Data segment

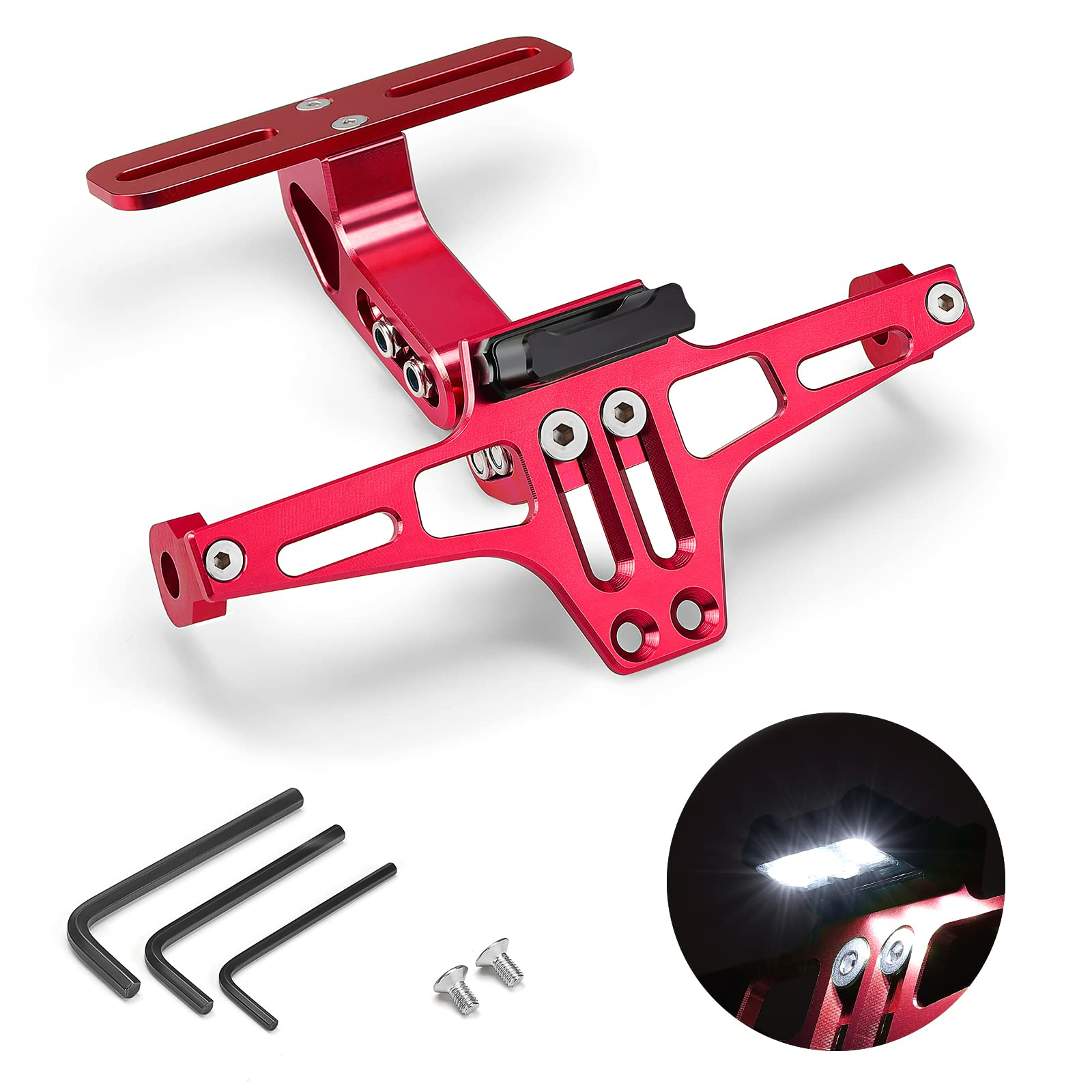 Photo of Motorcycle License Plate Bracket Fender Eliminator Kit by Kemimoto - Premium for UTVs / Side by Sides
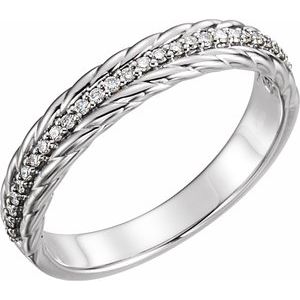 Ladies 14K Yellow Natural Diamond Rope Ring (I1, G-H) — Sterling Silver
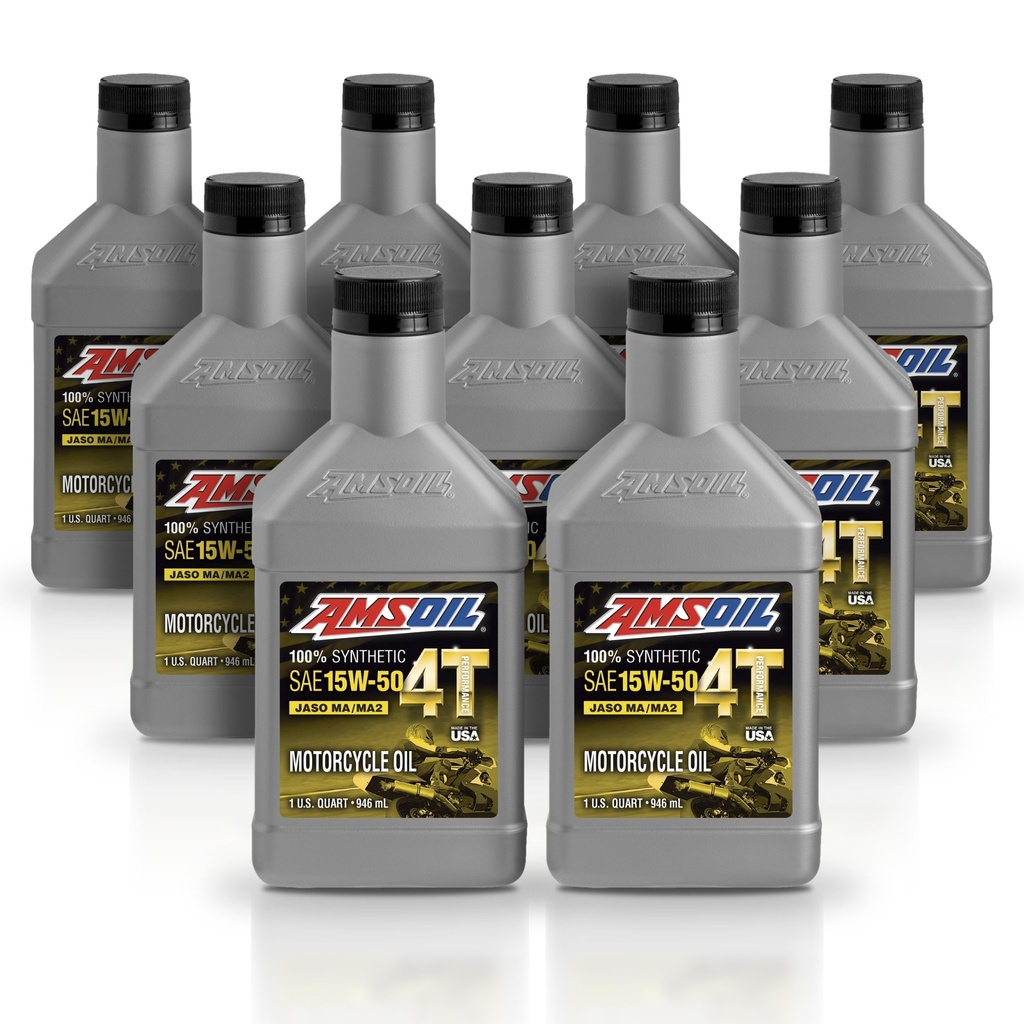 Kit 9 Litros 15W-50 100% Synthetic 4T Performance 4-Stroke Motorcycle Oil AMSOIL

Instructions for the task
Restate word for word the lines from the one with "Ladies 14K Yellow" to the end of the material, both included. Do not include the pictures.

Response to this task
 Ladies 14K Yellow Natural Diamond Rope Ring (I1, G-H) — Sterling Silver
 Kit 9 Litros 15W-50 100% Synthetic 4T Performance 4-Stroke Motorcycle Oil AMSOIL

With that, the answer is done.